How to complete this task:
Copy the listing that follows exactly. Its pictures do not belong in the copy.

[Data provided — start]

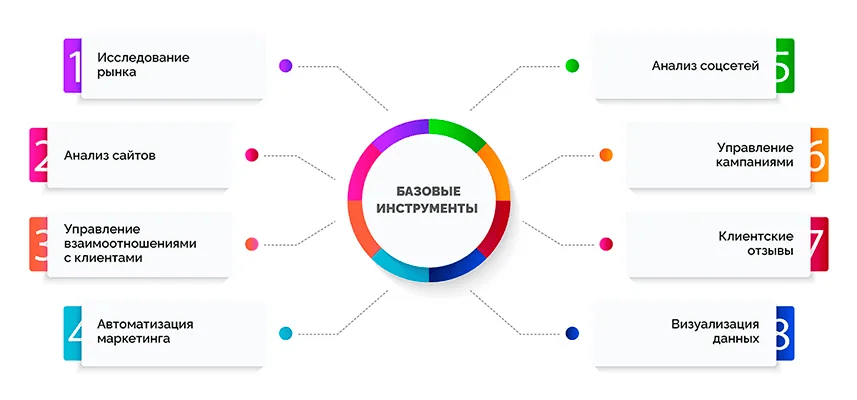 главные инструменты маркетолога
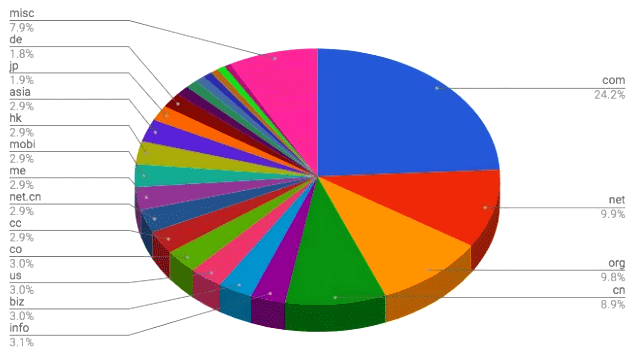 TLD Breakdown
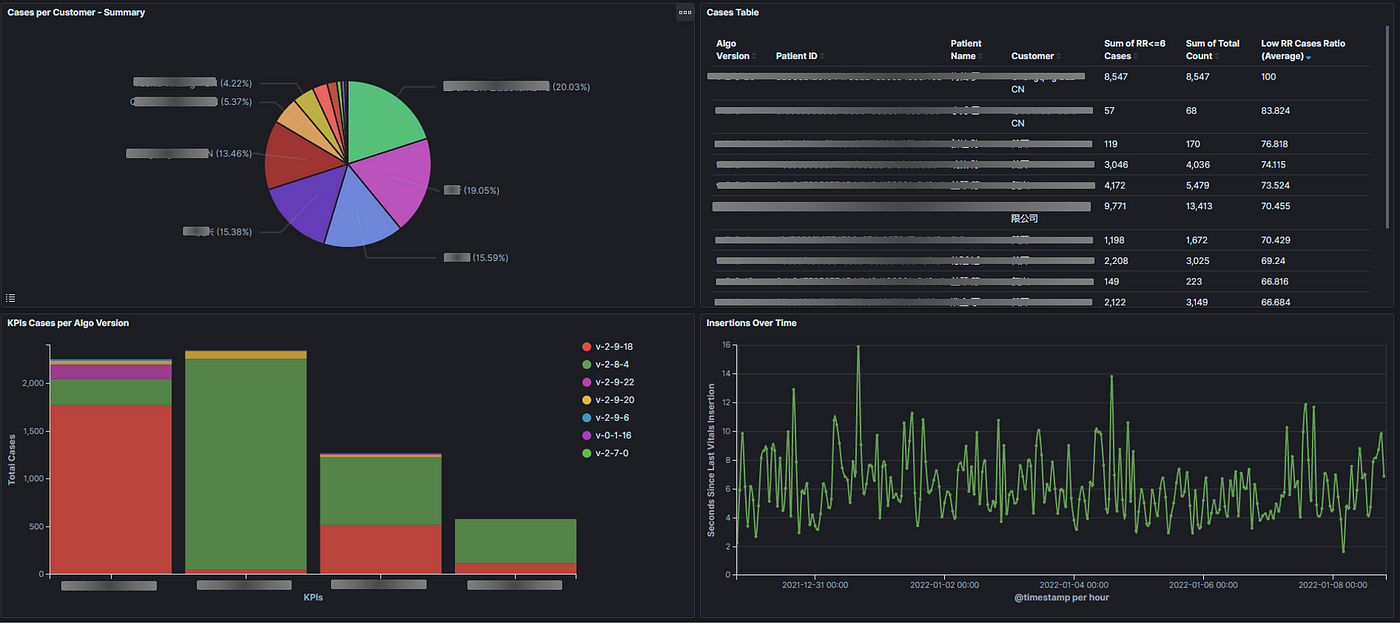 Monitoring Application KPIs: Elasticsearch & Kibana | Medium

[Data provided — finish]

Output of the exercise:
 главные инструменты маркетолога
 TLD Breakdown
 Monitoring Application KPIs: Elasticsearch & Kibana | Medium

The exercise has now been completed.